- What to do: Set down every entry again word for word, please, but skip the pictures.

[Caption-style text data]
──────

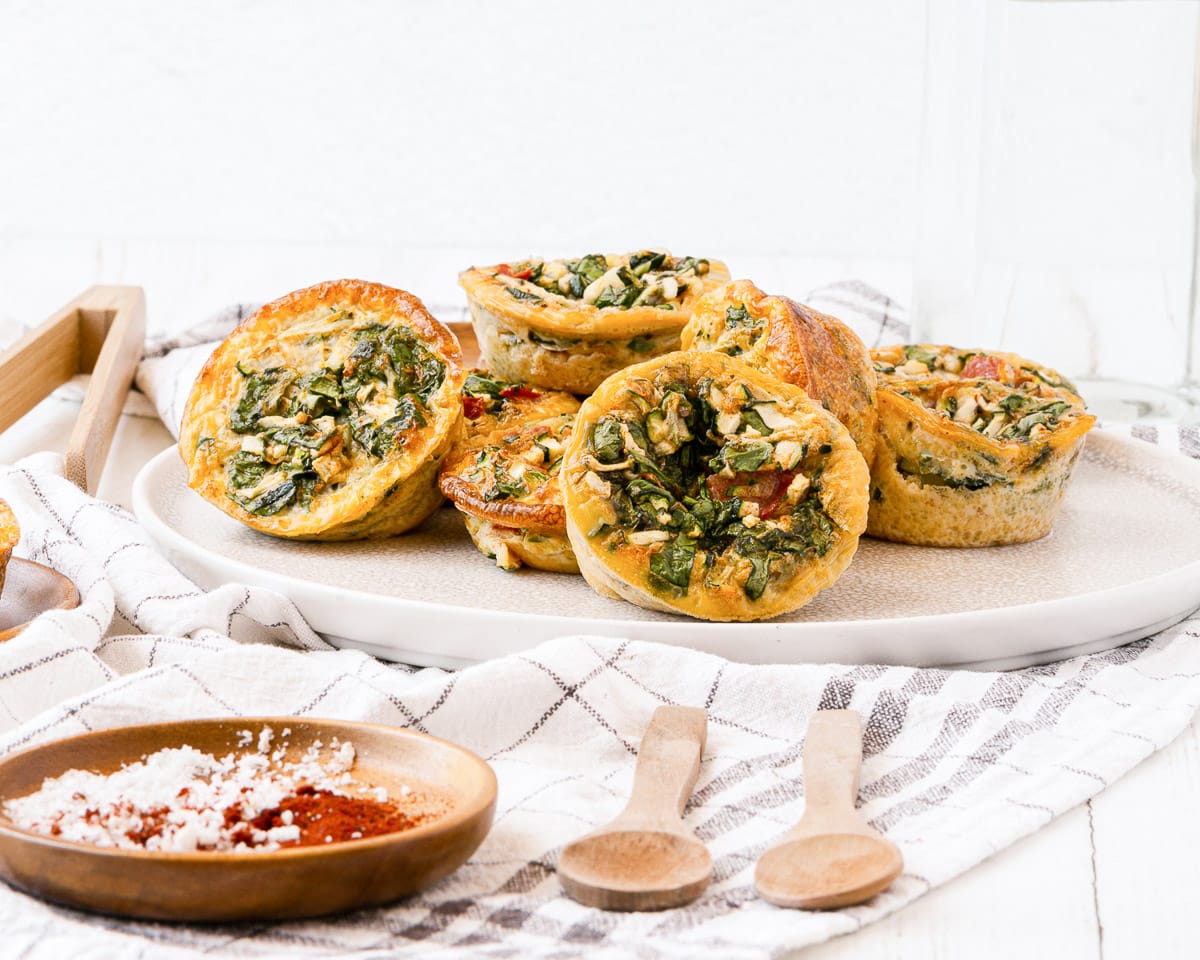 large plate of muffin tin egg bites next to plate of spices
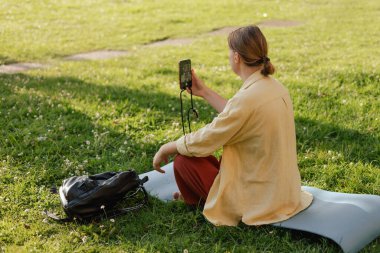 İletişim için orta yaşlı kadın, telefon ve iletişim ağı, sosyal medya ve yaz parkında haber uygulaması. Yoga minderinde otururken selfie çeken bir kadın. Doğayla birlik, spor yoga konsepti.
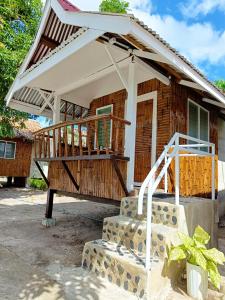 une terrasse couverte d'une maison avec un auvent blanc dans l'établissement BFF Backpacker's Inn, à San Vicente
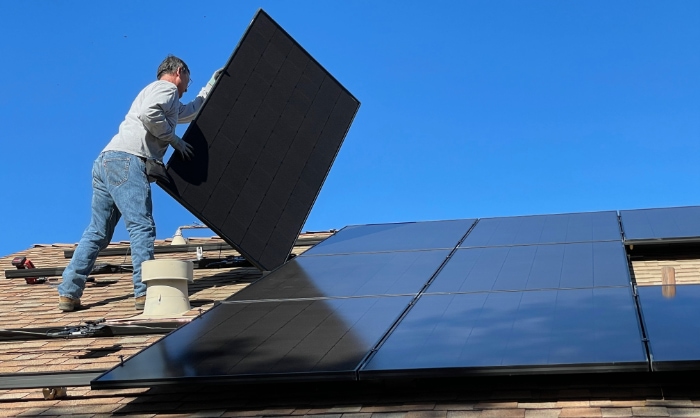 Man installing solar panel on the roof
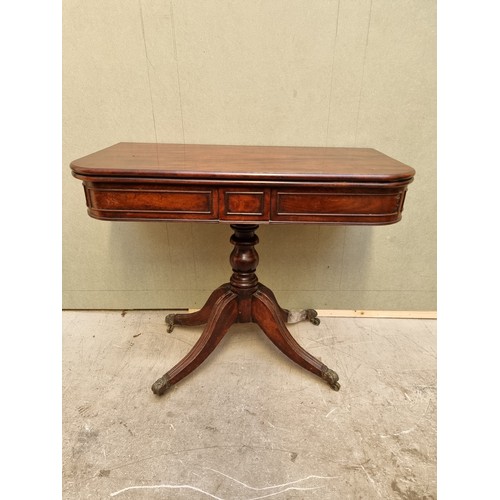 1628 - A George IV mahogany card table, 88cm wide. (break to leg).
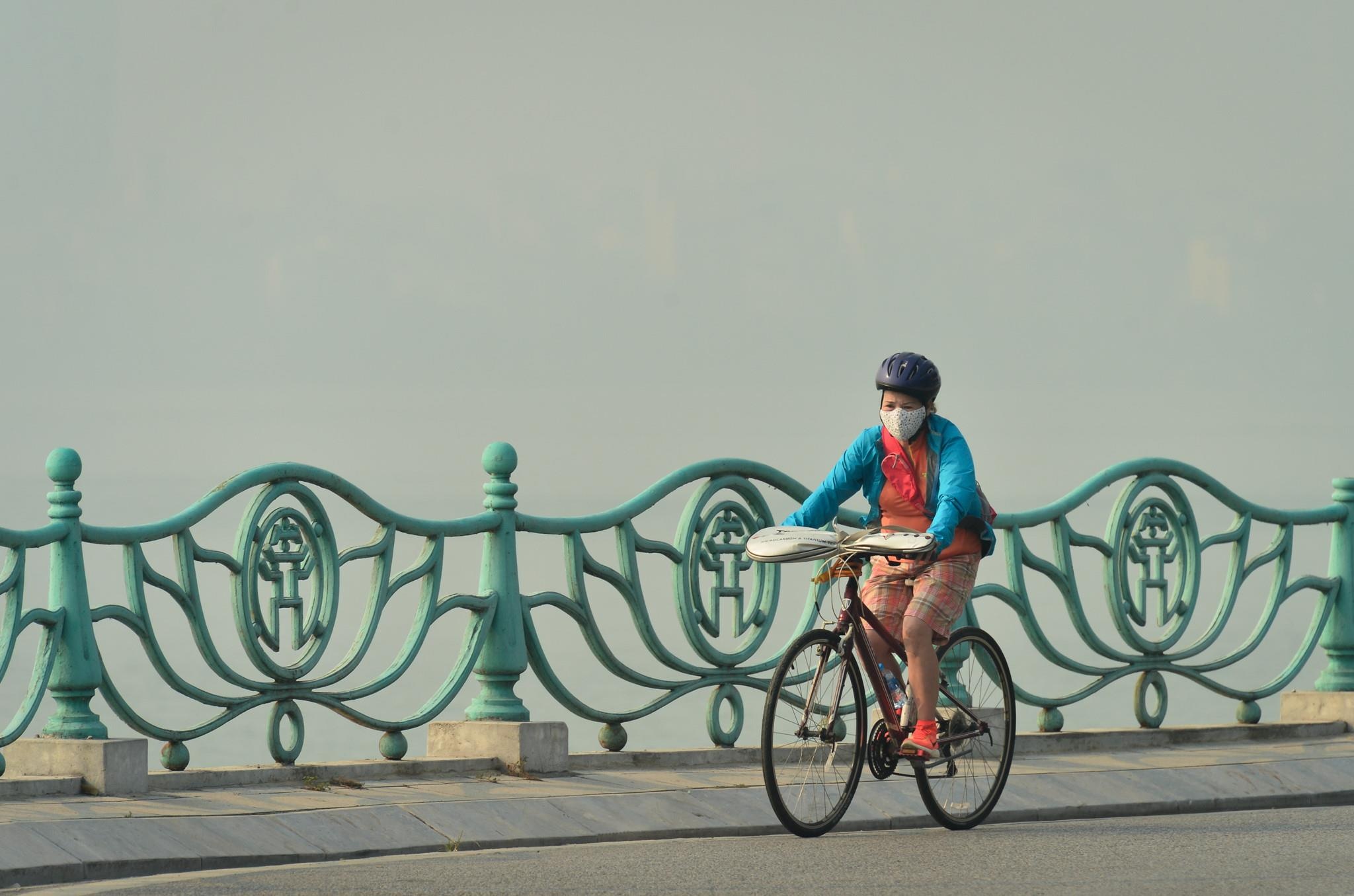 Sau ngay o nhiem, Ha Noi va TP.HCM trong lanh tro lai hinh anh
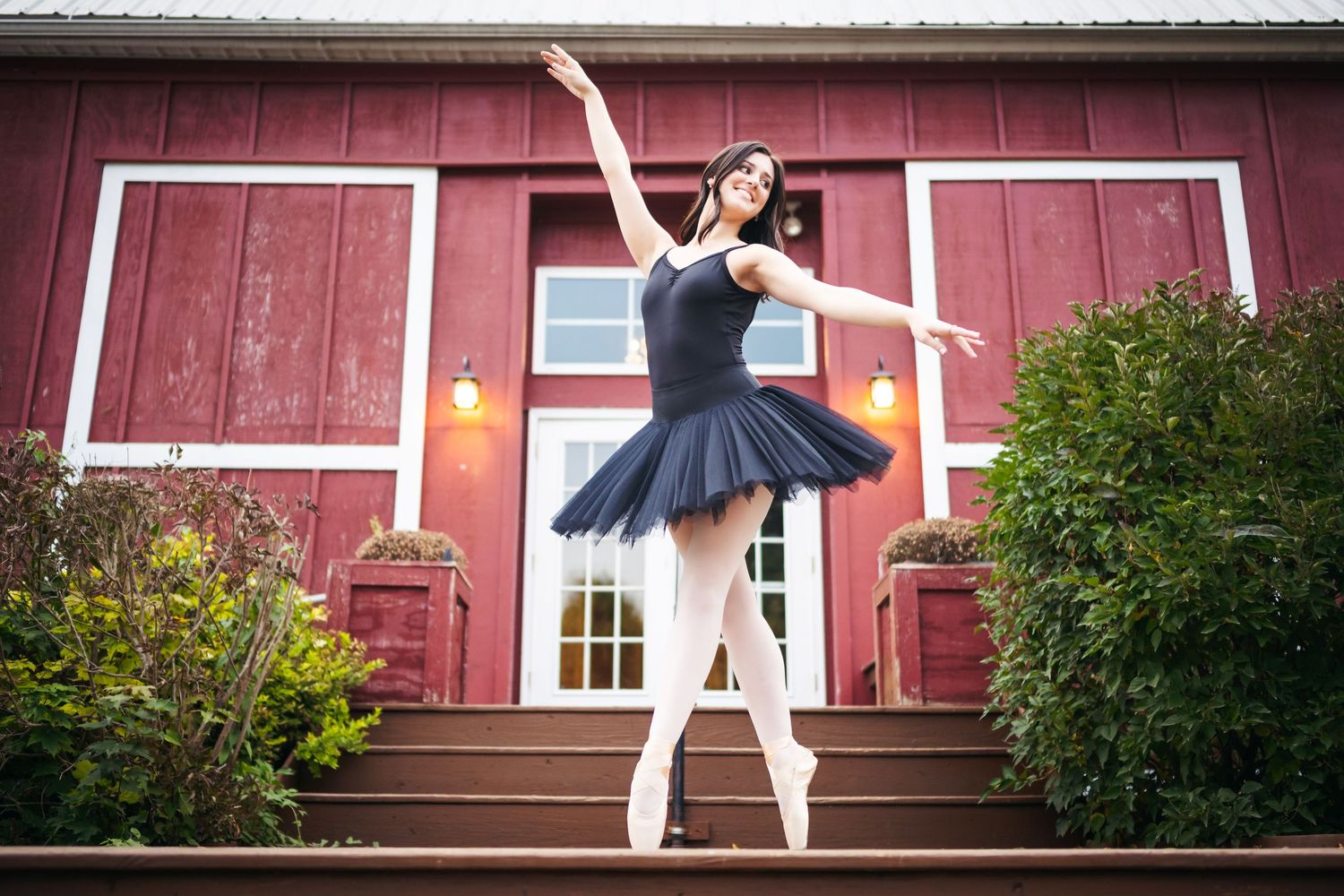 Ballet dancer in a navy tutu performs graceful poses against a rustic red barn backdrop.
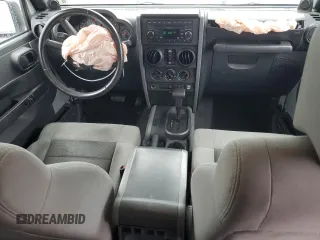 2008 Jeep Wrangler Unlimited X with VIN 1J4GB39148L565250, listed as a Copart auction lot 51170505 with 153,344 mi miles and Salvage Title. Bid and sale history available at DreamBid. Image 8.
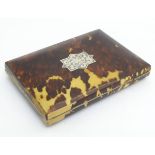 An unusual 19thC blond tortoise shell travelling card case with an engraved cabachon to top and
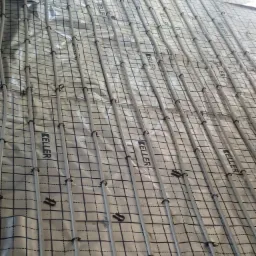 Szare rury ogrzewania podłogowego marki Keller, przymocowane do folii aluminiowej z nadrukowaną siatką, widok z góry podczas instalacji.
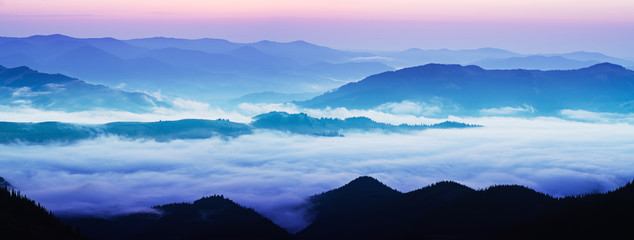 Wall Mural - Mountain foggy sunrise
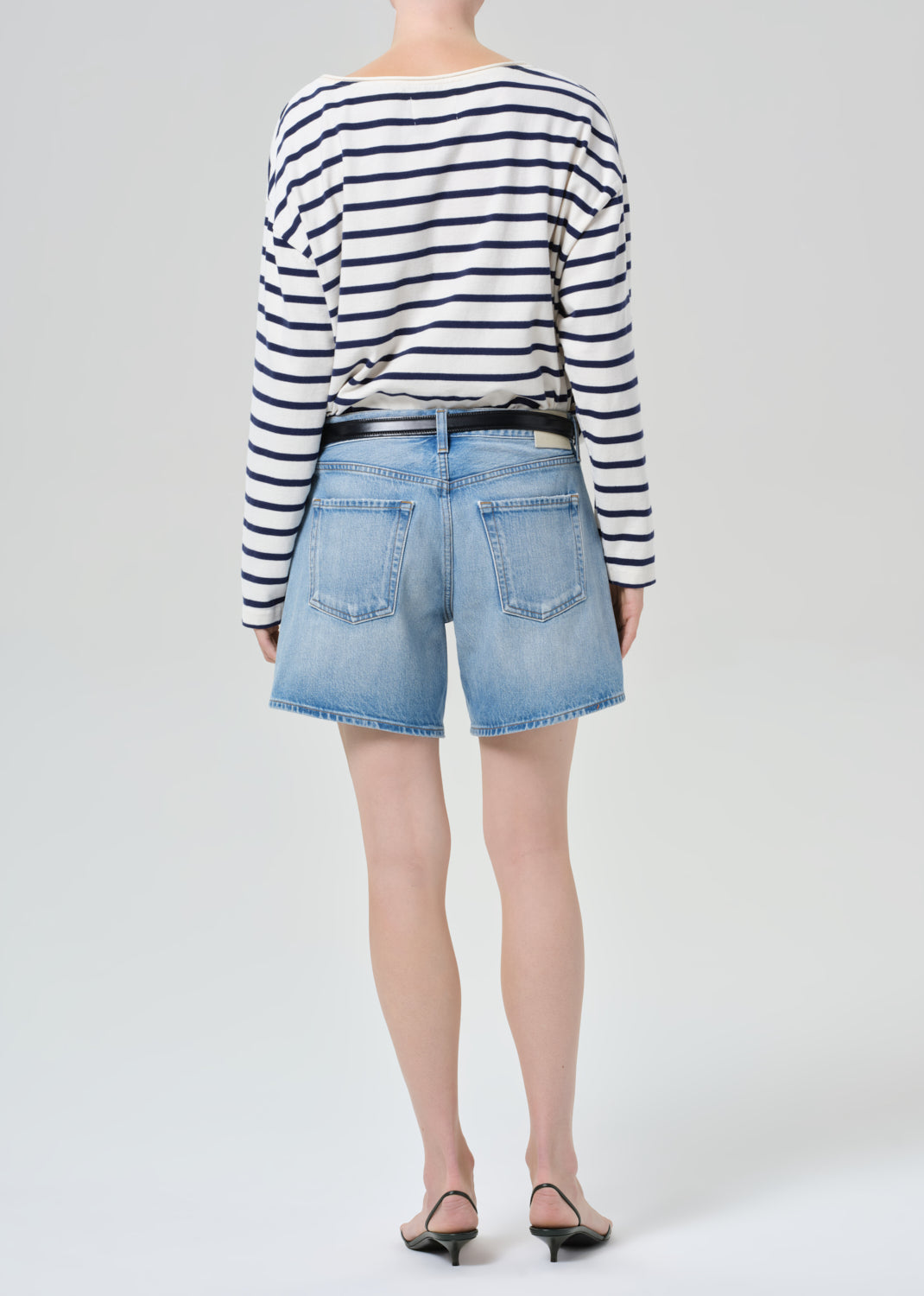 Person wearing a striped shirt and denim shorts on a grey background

──────

- Problem solution:
 large plate of muffin tin egg bites next to plate of spices
 İletişim için orta yaşlı kadın, telefon ve iletişim ağı, sosyal medya ve yaz parkında haber uygulaması. Yoga minderinde otururken selfie çeken bir kadın. Doğayla birlik, spor yoga konsepti.
 une terrasse couverte d'une maison avec un auvent blanc dans l'établissement BFF Backpacker's Inn, à San Vicente
 Man installing solar panel on the roof
 1628 - A George IV mahogany card table, 88cm wide. (break to leg).
 Sau ngay o nhiem, Ha Noi va TP.HCM trong lanh tro lai hinh anh
 Ballet dancer in a navy tutu performs graceful poses against a rustic red barn backdrop.
 2008 Jeep Wrangler Unlimited X with VIN 1J4GB39148L565250, listed as a Copart auction lot 51170505 with 153,344 mi miles and Salvage Title. Bid and sale history available at DreamBid. Image 8.
 An unusual 19thC blond tortoise shell travelling card case with an engraved cabachon to top and
 Szare rury ogrzewania podłogowego marki Keller, przymocowane do folii aluminiowej z nadrukowaną siatką, widok z góry podczas instalacji.
 Wall Mural - Mountain foggy sunrise
 Person wearing a striped shirt and denim shorts on a grey background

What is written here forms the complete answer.